INSTRUCTIONS TO FOLLOW -
Would you retype the entries from the first line to the line bearing "An airplane taking", both included, leaving out every picture?

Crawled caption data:
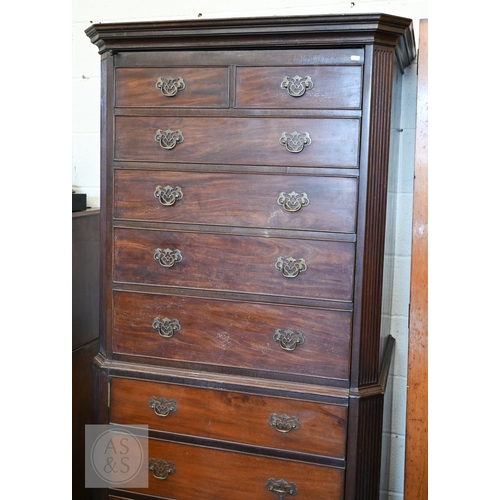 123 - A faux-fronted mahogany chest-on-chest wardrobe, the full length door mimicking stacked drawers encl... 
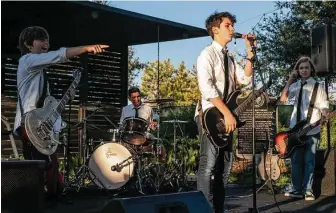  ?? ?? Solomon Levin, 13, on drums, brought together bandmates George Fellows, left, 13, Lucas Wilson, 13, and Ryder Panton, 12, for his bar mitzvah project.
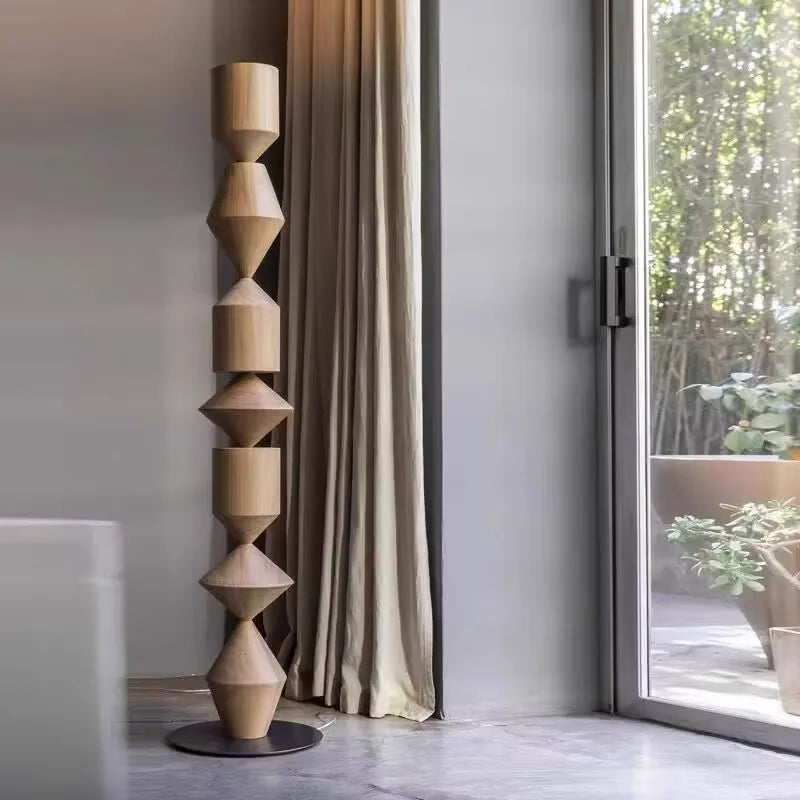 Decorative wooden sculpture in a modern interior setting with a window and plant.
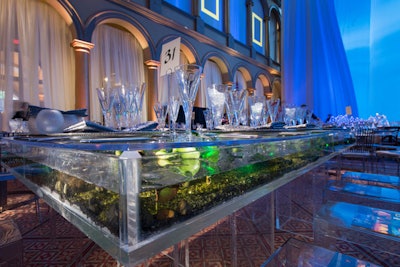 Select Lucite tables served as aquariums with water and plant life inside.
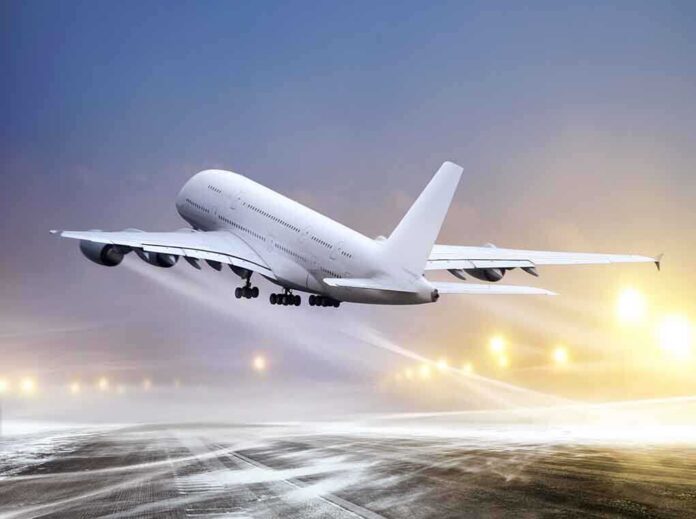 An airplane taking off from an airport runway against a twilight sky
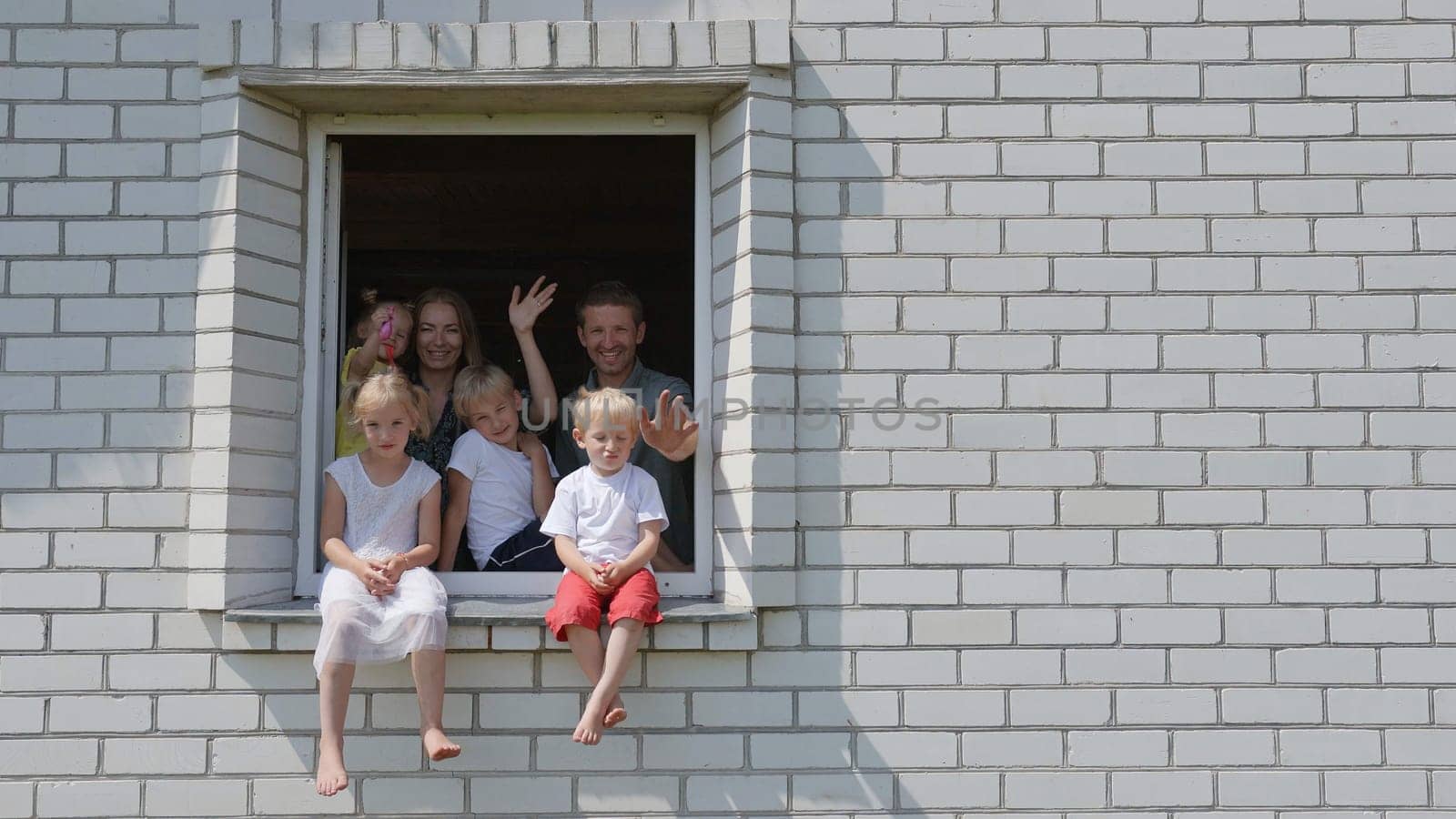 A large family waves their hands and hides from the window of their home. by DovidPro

REPLY TO THE EXERCISE -
 123 - A faux-fronted mahogany chest-on-chest wardrobe, the full length door mimicking stacked drawers encl... 
  ?? ?? Solomon Levin, 13, on drums, brought together bandmates George Fellows, left, 13, Lucas Wilson, 13, and Ryder Panton, 12, for his bar mitzvah project.
 Decorative wooden sculpture in a modern interior setting with a window and plant.
 Select Lucite tables served as aquariums with water and plant life inside.
 An airplane taking off from an airport runway against a twilight sky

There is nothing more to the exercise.